Colgamos y llamo a mi hermana Fátima. Se lo cuento y me dice: “Melchor, era el Papa”. O sea, el enviado de Dios en la tierra. Me había llamado a mí y no me había dado cuenta. Imperdonable. Resulta que mi hermana es amiga de un sacerdote argentino amigo del papa, y le había comentado que transito un carcinoma con el que voy a acabar espero que en breve. Y el amigo de mi hermana se lo dijo al Padre Francisco, y este le pidió mi teléfono y me llamó. Así, sin más, sin conocerme de nada.

Evidentemente, si ya me gustaba este Papa Francisco después de lo que hemos conocido, desde la llamada me ha cautivado del todo. Me ha reforzado en mi fe, entendida la fe como una suerte de confianza espiritual, libre e independiente, con la protección de todos los misterios y las dudas. La fe te acompaña y te ayuda, incluso a algunos les salva, no sé de qué, pero les salva, y lo respeto profundamente. No es adoctrinamiento y nadie te obliga a tenerla. Se tiene o no se tiene. Algunos la tenemos y somos felices por ello.

La Iglesia es antigua, noble y a veces puede hasta ser peligrosa. Desde que el Papa Francisco está al frente de ella siento que es más próxima, me acompaña más, la encuentro más humana, más con los pies en la tierra, más respetuosa con los diferentes, más cercana a los desposeídos, a los que la necesitan, y creo que ese es el camino. El papa Francisco me parece un gran hombre. Y lo sucedido, esta llamada, me confirma su inmensa capacidad para hacer el bien y ayudar a los necesitados. ¿Quién soy yo para recibir una llamada del Papa, y además sin ser capaz de reconocerle? Supina torpeza. Pero, pese a ello, necesitaba contarlo, quiero que se sepa, sin pretender, Dios me libre, presumir de nada, quiero que se sepa porque acredita la calidad de este Padre Francisco, su proximidad con los seres humanos. Mi sufrimiento es una broma comparado con el sufrimiento de los que sufren de verdad. Que haya perdido tres minutos de su valioso tiempo en llamarme me ha convertido en un privilegiado que no merecía tal honor. Pero desde que colgamos he cumplido el pacto entre caballeros que hice con él sin saber quién era. Por supuesto que sí. Como no podía ser de otro modo.

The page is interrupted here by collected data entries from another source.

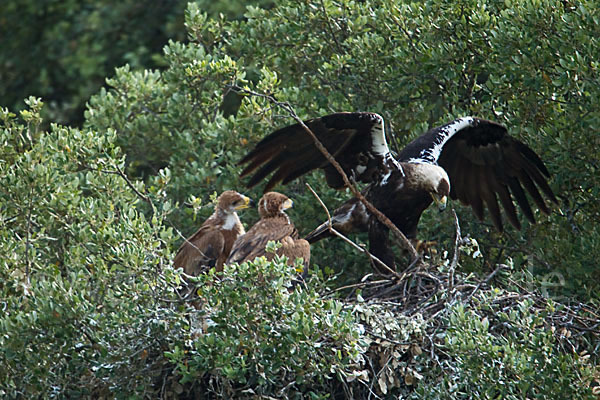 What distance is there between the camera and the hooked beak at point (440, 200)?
633 cm

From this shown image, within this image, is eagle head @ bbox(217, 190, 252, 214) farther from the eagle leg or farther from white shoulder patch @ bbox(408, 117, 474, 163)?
Result: white shoulder patch @ bbox(408, 117, 474, 163)

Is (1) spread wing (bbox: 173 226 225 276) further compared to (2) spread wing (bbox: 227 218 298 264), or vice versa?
(1) spread wing (bbox: 173 226 225 276)

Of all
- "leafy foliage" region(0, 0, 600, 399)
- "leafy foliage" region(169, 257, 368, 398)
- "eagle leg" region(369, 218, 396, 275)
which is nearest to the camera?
"leafy foliage" region(169, 257, 368, 398)

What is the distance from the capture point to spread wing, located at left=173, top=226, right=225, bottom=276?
6488 mm

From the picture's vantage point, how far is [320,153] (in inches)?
261

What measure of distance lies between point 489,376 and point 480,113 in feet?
8.63

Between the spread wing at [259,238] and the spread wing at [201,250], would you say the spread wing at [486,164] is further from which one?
the spread wing at [201,250]

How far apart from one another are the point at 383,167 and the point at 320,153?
44cm

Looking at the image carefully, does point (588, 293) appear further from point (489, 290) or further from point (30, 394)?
point (30, 394)

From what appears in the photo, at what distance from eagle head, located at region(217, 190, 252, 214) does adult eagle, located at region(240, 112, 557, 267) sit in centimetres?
12

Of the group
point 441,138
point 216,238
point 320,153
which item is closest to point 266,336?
point 216,238

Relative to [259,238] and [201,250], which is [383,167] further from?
[201,250]

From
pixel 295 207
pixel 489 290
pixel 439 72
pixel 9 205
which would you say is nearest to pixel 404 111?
pixel 439 72

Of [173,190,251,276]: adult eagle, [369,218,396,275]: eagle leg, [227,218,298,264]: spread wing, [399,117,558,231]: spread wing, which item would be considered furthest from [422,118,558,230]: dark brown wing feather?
[173,190,251,276]: adult eagle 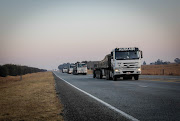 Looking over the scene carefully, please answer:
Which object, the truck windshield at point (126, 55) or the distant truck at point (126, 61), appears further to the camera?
the truck windshield at point (126, 55)

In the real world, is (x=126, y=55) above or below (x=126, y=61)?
above

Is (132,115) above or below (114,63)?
below

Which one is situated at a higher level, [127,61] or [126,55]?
[126,55]

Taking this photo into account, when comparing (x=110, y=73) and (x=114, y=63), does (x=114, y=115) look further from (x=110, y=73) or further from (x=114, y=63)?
(x=110, y=73)

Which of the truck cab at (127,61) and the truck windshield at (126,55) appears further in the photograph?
the truck windshield at (126,55)

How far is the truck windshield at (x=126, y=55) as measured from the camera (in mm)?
22703

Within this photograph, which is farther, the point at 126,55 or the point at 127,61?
the point at 126,55

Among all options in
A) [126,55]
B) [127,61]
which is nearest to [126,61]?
[127,61]

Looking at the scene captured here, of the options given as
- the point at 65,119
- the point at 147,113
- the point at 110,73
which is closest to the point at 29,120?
the point at 65,119

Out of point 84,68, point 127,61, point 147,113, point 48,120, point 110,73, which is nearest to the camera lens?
point 48,120

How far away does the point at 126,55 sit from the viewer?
74.9ft

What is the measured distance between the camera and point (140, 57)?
74.8ft

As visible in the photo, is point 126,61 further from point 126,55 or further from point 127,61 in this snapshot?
point 126,55

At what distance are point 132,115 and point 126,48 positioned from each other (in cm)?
1785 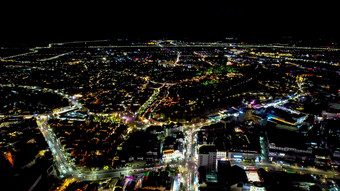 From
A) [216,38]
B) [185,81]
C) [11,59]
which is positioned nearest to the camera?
[185,81]

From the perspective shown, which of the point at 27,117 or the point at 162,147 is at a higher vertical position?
the point at 27,117

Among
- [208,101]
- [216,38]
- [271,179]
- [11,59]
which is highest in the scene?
[216,38]

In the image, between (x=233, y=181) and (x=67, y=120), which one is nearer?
(x=233, y=181)

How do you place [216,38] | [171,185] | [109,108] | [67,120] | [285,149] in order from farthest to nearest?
[216,38] → [109,108] → [67,120] → [285,149] → [171,185]

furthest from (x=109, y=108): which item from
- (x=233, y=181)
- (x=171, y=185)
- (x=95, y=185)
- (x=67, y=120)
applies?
(x=233, y=181)

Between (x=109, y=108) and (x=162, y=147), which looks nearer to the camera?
(x=162, y=147)

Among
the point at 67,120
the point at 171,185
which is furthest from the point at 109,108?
the point at 171,185

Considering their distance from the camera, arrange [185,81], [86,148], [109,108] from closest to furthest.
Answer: [86,148], [109,108], [185,81]

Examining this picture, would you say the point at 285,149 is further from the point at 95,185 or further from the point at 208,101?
the point at 95,185

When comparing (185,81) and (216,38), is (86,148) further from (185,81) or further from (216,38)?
(216,38) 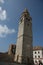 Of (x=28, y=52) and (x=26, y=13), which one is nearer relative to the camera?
(x=28, y=52)

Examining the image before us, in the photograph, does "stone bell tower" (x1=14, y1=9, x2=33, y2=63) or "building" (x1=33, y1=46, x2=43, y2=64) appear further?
"building" (x1=33, y1=46, x2=43, y2=64)

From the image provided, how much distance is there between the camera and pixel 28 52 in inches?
1307

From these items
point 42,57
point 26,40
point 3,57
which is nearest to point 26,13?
point 26,40

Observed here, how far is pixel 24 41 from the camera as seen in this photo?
33.8 m

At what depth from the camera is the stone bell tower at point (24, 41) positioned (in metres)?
32.6

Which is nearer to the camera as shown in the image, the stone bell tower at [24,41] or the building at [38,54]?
the stone bell tower at [24,41]

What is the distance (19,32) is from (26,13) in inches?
250

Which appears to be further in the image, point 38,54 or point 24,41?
point 38,54

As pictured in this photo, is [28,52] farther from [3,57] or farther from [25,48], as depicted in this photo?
[3,57]

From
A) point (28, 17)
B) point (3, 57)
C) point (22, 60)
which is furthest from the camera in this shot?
point (3, 57)

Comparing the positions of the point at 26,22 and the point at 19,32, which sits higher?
the point at 26,22

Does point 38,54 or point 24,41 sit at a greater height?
point 24,41

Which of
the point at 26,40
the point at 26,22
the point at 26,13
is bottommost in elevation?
the point at 26,40

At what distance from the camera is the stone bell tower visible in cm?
3256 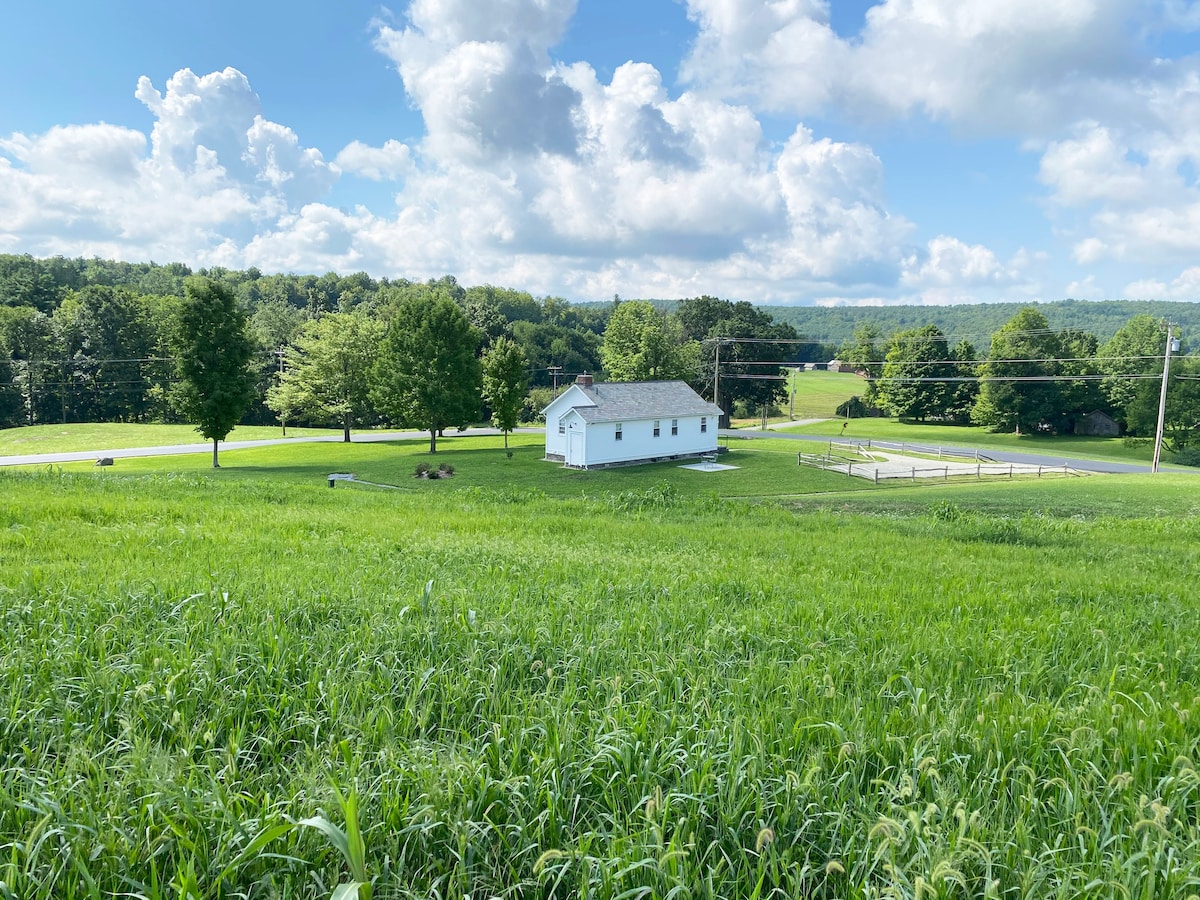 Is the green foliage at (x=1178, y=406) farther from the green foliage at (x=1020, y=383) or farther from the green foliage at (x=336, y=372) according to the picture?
the green foliage at (x=336, y=372)

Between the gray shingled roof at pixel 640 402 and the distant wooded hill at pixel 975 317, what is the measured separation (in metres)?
48.1

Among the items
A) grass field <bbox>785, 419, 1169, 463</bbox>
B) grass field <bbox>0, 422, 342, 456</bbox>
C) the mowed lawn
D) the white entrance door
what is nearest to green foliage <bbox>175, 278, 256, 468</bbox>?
the mowed lawn

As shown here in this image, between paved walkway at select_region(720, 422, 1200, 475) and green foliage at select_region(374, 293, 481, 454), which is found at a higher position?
green foliage at select_region(374, 293, 481, 454)

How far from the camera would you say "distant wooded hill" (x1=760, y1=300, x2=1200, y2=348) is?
10981cm

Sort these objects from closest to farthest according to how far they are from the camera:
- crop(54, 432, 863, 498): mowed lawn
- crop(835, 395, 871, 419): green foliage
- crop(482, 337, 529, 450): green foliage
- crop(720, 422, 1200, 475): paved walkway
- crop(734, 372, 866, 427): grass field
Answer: crop(54, 432, 863, 498): mowed lawn
crop(720, 422, 1200, 475): paved walkway
crop(482, 337, 529, 450): green foliage
crop(835, 395, 871, 419): green foliage
crop(734, 372, 866, 427): grass field

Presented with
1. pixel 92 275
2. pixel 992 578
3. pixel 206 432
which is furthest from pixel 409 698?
pixel 92 275

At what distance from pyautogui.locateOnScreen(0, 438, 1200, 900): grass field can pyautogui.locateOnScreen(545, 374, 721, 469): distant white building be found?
33.8 m

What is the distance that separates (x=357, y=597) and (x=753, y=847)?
3.65 metres

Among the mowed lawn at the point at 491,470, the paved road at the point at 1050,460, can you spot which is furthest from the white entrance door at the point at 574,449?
the paved road at the point at 1050,460

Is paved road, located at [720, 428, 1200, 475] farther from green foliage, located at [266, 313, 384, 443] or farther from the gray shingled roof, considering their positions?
green foliage, located at [266, 313, 384, 443]

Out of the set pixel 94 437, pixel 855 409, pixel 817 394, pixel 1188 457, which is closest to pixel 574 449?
pixel 94 437

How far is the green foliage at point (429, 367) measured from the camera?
4456 centimetres

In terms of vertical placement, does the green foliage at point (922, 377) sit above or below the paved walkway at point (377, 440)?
above

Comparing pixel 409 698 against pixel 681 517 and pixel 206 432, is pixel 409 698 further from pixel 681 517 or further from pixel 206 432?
pixel 206 432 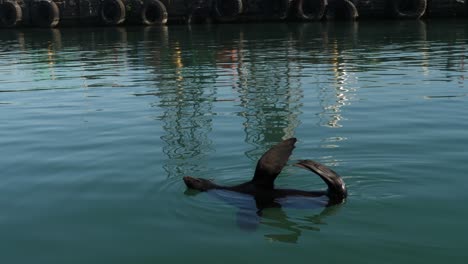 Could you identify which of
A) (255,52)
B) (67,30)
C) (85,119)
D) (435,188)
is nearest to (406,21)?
(255,52)

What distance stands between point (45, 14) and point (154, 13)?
7.91 metres

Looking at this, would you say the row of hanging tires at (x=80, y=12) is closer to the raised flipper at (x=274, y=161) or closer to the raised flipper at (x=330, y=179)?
the raised flipper at (x=274, y=161)

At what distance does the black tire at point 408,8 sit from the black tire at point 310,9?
13.9 ft

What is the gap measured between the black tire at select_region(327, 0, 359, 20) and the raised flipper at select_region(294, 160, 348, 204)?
3318 centimetres

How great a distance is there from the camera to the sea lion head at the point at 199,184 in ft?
21.1

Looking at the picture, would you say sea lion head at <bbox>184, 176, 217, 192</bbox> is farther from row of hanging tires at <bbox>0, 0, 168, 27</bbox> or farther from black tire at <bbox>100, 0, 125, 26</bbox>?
black tire at <bbox>100, 0, 125, 26</bbox>

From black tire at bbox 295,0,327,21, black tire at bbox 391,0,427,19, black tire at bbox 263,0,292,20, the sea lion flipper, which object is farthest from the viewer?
black tire at bbox 263,0,292,20

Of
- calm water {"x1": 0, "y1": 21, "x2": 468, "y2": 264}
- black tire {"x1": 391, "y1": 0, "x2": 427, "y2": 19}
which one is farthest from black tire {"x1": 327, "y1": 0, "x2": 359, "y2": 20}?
calm water {"x1": 0, "y1": 21, "x2": 468, "y2": 264}

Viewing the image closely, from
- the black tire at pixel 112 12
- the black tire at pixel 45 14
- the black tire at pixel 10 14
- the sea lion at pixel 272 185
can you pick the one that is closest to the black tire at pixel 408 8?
the black tire at pixel 112 12

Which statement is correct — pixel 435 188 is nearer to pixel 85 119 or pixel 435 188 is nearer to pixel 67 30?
pixel 85 119

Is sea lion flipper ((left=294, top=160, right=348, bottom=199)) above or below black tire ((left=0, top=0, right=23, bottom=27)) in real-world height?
below

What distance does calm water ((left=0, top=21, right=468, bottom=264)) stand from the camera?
537cm

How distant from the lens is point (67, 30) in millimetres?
41219

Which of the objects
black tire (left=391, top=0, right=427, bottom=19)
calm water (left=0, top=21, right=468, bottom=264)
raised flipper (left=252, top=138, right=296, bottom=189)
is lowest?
calm water (left=0, top=21, right=468, bottom=264) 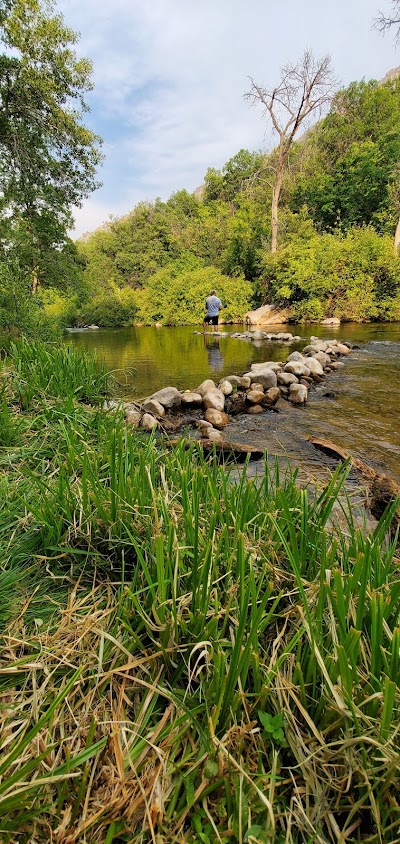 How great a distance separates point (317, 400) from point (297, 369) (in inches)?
46.9

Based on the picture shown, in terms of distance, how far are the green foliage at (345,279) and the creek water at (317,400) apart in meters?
8.42

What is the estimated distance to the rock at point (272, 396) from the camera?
5102mm

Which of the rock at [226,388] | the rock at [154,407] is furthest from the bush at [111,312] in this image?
the rock at [154,407]

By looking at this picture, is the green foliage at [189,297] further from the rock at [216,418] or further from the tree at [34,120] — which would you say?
the rock at [216,418]

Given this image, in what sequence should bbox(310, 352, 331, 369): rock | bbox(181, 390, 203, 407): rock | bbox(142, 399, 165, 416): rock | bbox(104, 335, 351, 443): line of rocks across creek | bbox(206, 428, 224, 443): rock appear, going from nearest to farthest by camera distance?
bbox(206, 428, 224, 443): rock < bbox(104, 335, 351, 443): line of rocks across creek < bbox(142, 399, 165, 416): rock < bbox(181, 390, 203, 407): rock < bbox(310, 352, 331, 369): rock

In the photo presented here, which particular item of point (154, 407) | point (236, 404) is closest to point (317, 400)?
point (236, 404)

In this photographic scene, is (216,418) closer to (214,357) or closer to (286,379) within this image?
(286,379)

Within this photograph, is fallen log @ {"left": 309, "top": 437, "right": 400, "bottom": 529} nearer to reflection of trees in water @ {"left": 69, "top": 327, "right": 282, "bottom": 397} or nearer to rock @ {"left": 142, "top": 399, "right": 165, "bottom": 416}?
rock @ {"left": 142, "top": 399, "right": 165, "bottom": 416}

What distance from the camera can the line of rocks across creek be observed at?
4.12m

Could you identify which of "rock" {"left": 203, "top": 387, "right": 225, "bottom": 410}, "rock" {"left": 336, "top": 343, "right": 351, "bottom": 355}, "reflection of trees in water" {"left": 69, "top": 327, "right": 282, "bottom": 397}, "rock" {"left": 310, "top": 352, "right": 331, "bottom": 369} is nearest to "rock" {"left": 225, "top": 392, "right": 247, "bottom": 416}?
"rock" {"left": 203, "top": 387, "right": 225, "bottom": 410}

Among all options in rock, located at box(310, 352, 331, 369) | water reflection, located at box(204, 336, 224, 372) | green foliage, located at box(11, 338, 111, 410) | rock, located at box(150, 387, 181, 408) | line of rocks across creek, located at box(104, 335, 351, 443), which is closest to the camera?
green foliage, located at box(11, 338, 111, 410)

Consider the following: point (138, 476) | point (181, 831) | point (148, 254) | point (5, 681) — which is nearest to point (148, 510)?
point (138, 476)

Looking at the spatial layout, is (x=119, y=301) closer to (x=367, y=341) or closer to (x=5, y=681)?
(x=367, y=341)

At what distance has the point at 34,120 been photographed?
10.9 meters
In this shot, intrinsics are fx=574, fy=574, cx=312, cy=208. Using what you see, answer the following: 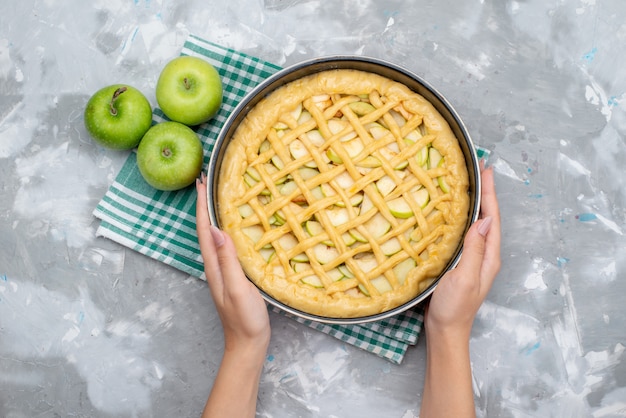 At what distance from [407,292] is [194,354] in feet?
1.85

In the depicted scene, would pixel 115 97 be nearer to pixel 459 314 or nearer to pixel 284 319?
pixel 284 319

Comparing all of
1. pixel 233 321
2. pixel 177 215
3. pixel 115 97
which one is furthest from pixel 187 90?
pixel 233 321

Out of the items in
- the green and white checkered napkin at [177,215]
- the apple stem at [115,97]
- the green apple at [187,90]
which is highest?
the green apple at [187,90]

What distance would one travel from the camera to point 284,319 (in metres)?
1.40

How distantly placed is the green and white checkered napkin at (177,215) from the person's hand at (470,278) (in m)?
0.16

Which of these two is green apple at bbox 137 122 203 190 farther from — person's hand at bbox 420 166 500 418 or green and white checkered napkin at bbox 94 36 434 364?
person's hand at bbox 420 166 500 418

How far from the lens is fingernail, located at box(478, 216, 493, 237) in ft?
3.82

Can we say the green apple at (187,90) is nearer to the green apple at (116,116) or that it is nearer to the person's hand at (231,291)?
the green apple at (116,116)

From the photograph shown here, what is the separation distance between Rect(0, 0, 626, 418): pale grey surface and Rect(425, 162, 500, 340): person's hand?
0.51 feet

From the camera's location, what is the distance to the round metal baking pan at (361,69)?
3.92 ft

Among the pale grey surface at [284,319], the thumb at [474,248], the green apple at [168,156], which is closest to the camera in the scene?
the thumb at [474,248]

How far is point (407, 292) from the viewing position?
119cm

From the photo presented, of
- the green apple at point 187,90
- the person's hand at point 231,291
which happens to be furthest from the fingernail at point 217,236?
the green apple at point 187,90

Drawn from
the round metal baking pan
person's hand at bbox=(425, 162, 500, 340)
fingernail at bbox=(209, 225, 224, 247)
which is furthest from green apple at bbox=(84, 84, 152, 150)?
person's hand at bbox=(425, 162, 500, 340) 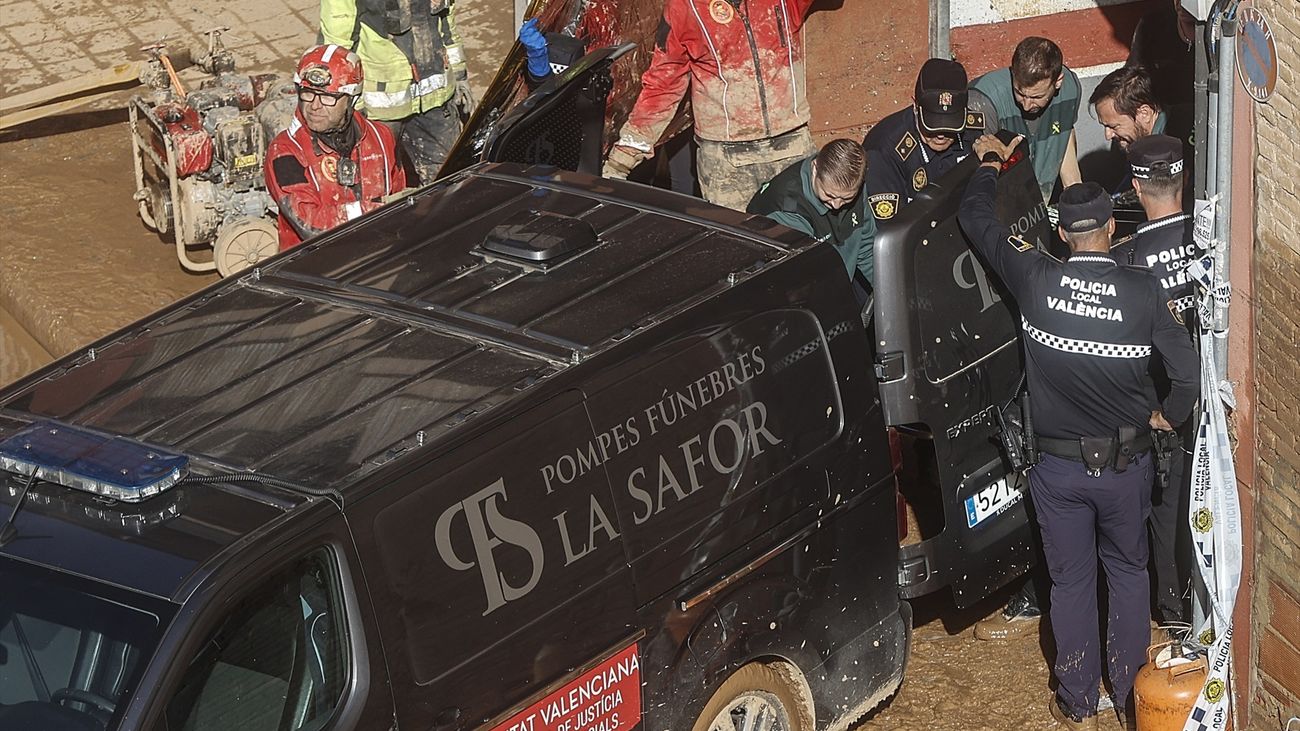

No recuerdo quién escribió aquello de que, si queréis conocer a un hombre, investidle de un gran poder. El Padre Francisco lo tiene, y viendo cómo lo ejerce, me reconforta creer y sentirme protegido por Él, me ayuda en la batalla que libro, rodeado de amor, con toda una ayuda de la que no soy merecedor. Y creo que Papas como él ayudan a hacer este mundo más atractivo y confiar en la Iglesia y en su papel en esta sociedad miedosa e hipócrita que habitamos. El Padre Francisco, ¡ay! y no le reconocí. Ya me vale, sí, lo sé. Pero cumplo con el pacto entre caballeros.